Dani: Ey, Lucy, ¿qué pasa?

Lucy: Dani… Se me ha perdido la llave de la habitación…

Dani: ¡¿Qué?! ¡¿Se te ha perdido?! ¡Si la tenías antes en la puerta circular, ¿no?! ¡¿No te la habrás dejado puesta?!…

Lucy: No, estoy segura de que me la llevé… Se me ha debido de caer por aquí…

Dani: Pero no ha pasado casi tiempo desde que nos hemos separado, no has buscado mucho, ¿no?

Lucy: Casi nada…, pero estoy triste y estresada por todo… No sé que hacer… Esperaba que me dejaras quedarme en tu habitación…

Dani: ¡Pero…!

Lucy: Por favor… No conozco a nadie más, y tú pareces bueno…

Dani: Espera, la llave debería de estar por aquí, ¿por qué no buscamos?

Lucy: Es muy grande esta sala…

Dani: ¿Y qué harás sin tu llave?… Aj, como sea, bien, entra, quédate hoy aquí y ya veremos mañana qué hacer…

Lucy: ¡Ah!… ¡Muchas gracias, Dani! ¡De verdad!…

Dani: Tranquila, tú también pareces buena.

Lucy: Gracias…

Invitándola a mi habitación, pasamos por la puerta. Pero de repente, recuerdo que solo hay una cama. Y sin saber qué hacer, me quedo quieto en el sitio.

Lucy: Hmmm… ¿De verdad está bien?… ¿Pasa algo?…

Dani: Ehmmm… Creo que… podría dormir en el suelo…

Lucy: ¡Oh!… ¡La cama!… ¡No, no, no, es tu habitación! ¡Estás dejando que me quede! ¡He de dejar que tú duermas en tu cama!

Dani: Sí, pero yo no puedo dejar que duermas en el suelo…

Lucy: Bueno…, a mí… no me importa que durmamos juntos…

Dani: ¡A-ahm!…

Lucy: Hm…

Dani: ¡Bue-bueno!… S-si de verdad no te importa…

Lucy: S-sí…

Dani: Entonces… vale, ¿pero estás segura?…

Lucy: ¡Hm! ¡Si no te atreverías a hacerme nada, je, je, je!

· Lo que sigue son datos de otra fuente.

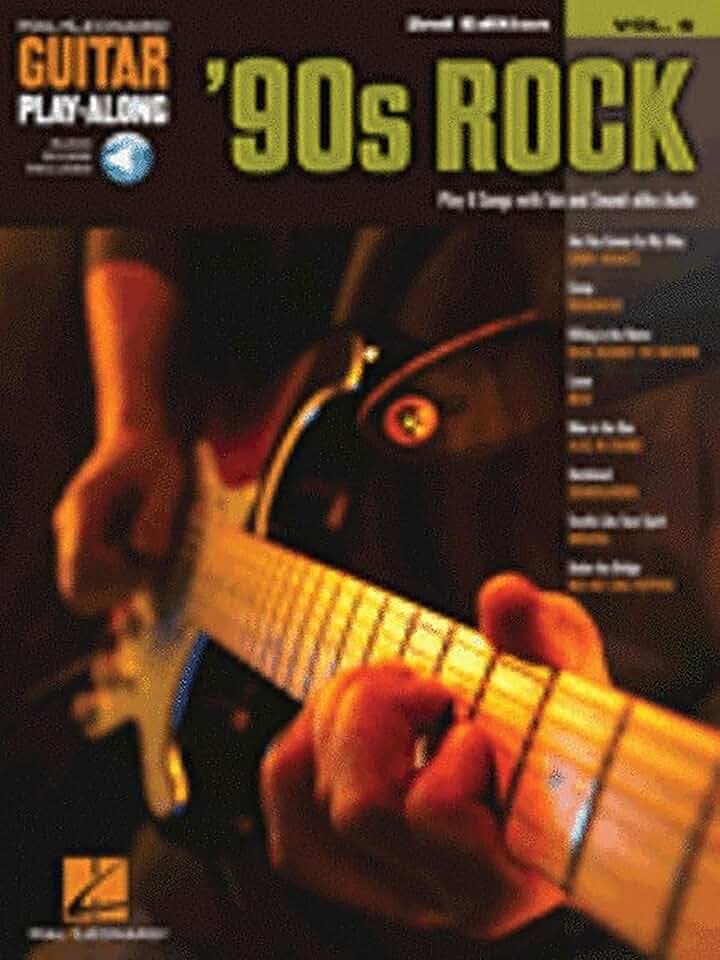 90s Rock - 2nd Edition (Guitar Play-Along Volume 6) (Hal Leonard Guitar Play-Along, 6, Band 6)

Dani: Ahm… ¿Me tomo eso como un cumplido?

Lucy: -sonríe y saca la lengua-

Dani: Je, je…

Lucy: Hm… ¡Laaa verdad es que me gustaría ducharme! ¿Puedo?

Dani: Ah, sí, ya sabes que hay toallas de sobra. Y sobre la ropa, agarra la que hay en el armario. Hay mucha ropa de chica, así que la puedes usar todo lo que quieras.

Lucy: ¡Muchas gracias, Dani!… ¡Jo, ya me estás cuidando un montón! ¡Estoy segura de que debes de ser un novio genial!

Dani: ¡E-ehm!… ¡P-pues…! En realidad no tengo novia…

Lucy: ¡Ah!… ¡Yo…! Yo tampoco tengo novio… Je, je…

Dani: ¡¿A-ah, sí?!… Ja, ja, ja…

Lucy: ¡Ahm!… ¡Voy a ducharme! ¡Hasta después!

Nerviosa, Lucy corre hacia el baño y al entrar cierra la puerta de golpe.

“¡A-a-ayyyyy!… ¡Qué vergüenza! ¡¿Y cómo puede ser tan amable?! Es simpática, dulce, cariñosa… Y… no tiene novio… ¡Agh! ¡¿En qué estoy pensando?! ¡Solo la conozco media hora! ¡No puedo estar pensando ya en eso!… Y… está en la ducha… Si así sin querer entrara de repente porque se me ha olvidado decirle algo del grifo… Je, je, je… ¡Espera, no!… ¡Ayyyyy!…”

Luego de unos diez minutos, mientras estoy tumbado en la cama, Lucy sale del baño con solamente una toalla alrededor de ella.

Lucy: ¡L-lo siento!… Se me olvidó agarrar la ropa… Je, je, je…

Dani: -trago saliva- Tra-tranquila…

“¡¿Có-cómo…?! ¡¿Cómo puede tener ese cuerpo?!… ¡¿Cómo puede estar tan…?! ¡Agh, no! ¡Ya estoy otra vez pensando en cosas así!”

Poco después Lucy vuelve a salir, esta vez ya vestida y con el pelo seco. Me fijo en que lleva una camiseta de tirantes azul y un pantalón corto rosa.

Dani: ¿Cómo va la ducha?

Lucy: ¡Me encanta! ¡Va genial! ¡De verdad, pruébala!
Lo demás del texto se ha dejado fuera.